** Given records follows **
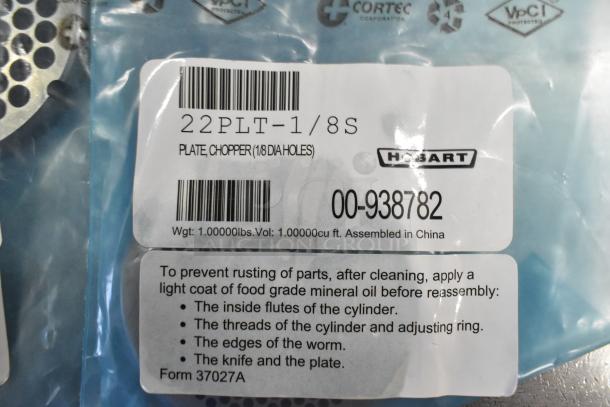 Seven brand new Hobart grinder plates, model 22PLT-1/8S, for meat choppers. Scratch and dent condition.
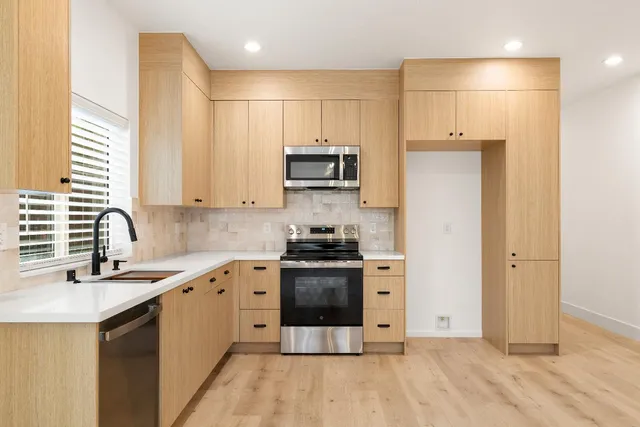 a kitchen with stainless steel appliances granite countertop a stove a sink and a microwave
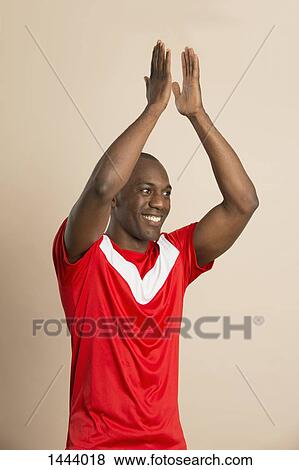 Happy soccer player applauding against colored background View Large Photo Image Stock Photo - Happy soccer player applauding against colored background. Fotosearch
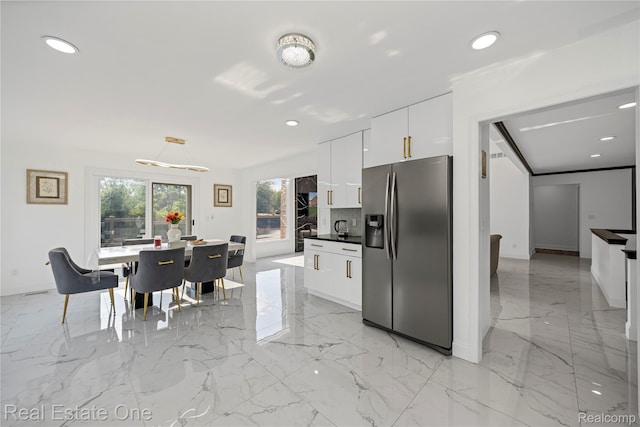 52615 Seven Oaks Dr, Shelby Twp, MI 48316 - kitchen featuring stainless steel fridge with ice dispenser, white cabinets, light marble finish floors, dark countertops, and modern cabinets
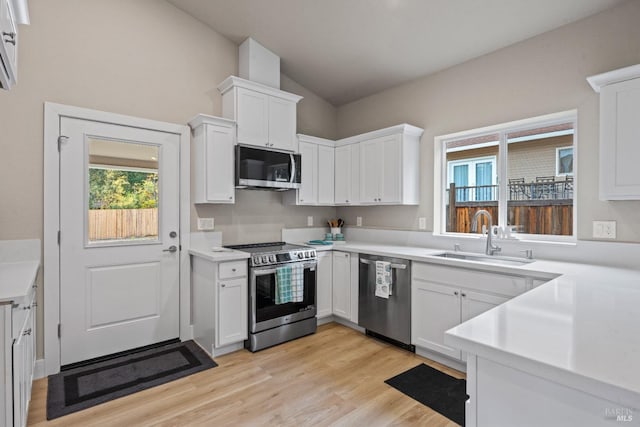 kitchen with stainless steel appliances, vaulted ceiling, white cabinets, sink, and light wood-type flooring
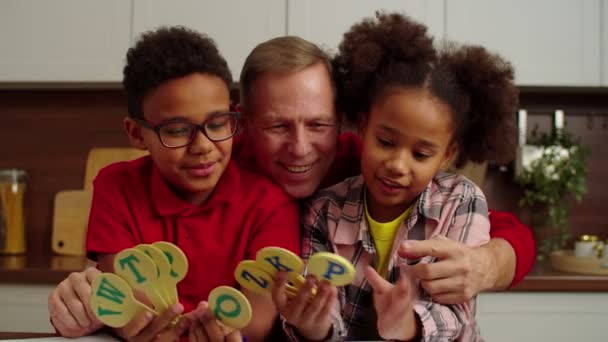 Cheerful granddad and smart African American grandchildren learning ABC indoors — Stockvideo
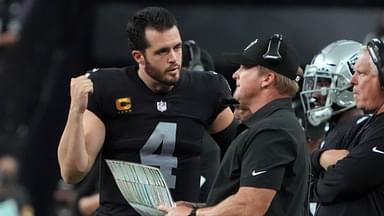 Sep 13, 2021; Paradise, Nevada, USA; Las Vegas Raiders quarterback Derek Carr (4) speaks with head coach Jon Gruden during the second half at Allegiant Stadium.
** End of Given records **
◆ Assigned task: Omit the pictures and copy the records above exactly.

◆ Answer space:
 Seven brand new Hobart grinder plates, model 22PLT-1/8S, for meat choppers. Scratch and dent condition.
 a kitchen with stainless steel appliances granite countertop a stove a sink and a microwave
 Happy soccer player applauding against colored background View Large Photo Image Stock Photo - Happy soccer player applauding against colored background. Fotosearch
 52615 Seven Oaks Dr, Shelby Twp, MI 48316 - kitchen featuring stainless steel fridge with ice dispenser, white cabinets, light marble finish floors, dark countertops, and modern cabinets
 kitchen with stainless steel appliances, vaulted ceiling, white cabinets, sink, and light wood-type flooring
 Cheerful granddad and smart African American grandchildren learning ABC indoors — Stockvideo
 Sep 13, 2021; Paradise, Nevada, USA; Las Vegas Raiders quarterback Derek Carr (4) speaks with head coach Jon Gruden during the second half at Allegiant Stadium.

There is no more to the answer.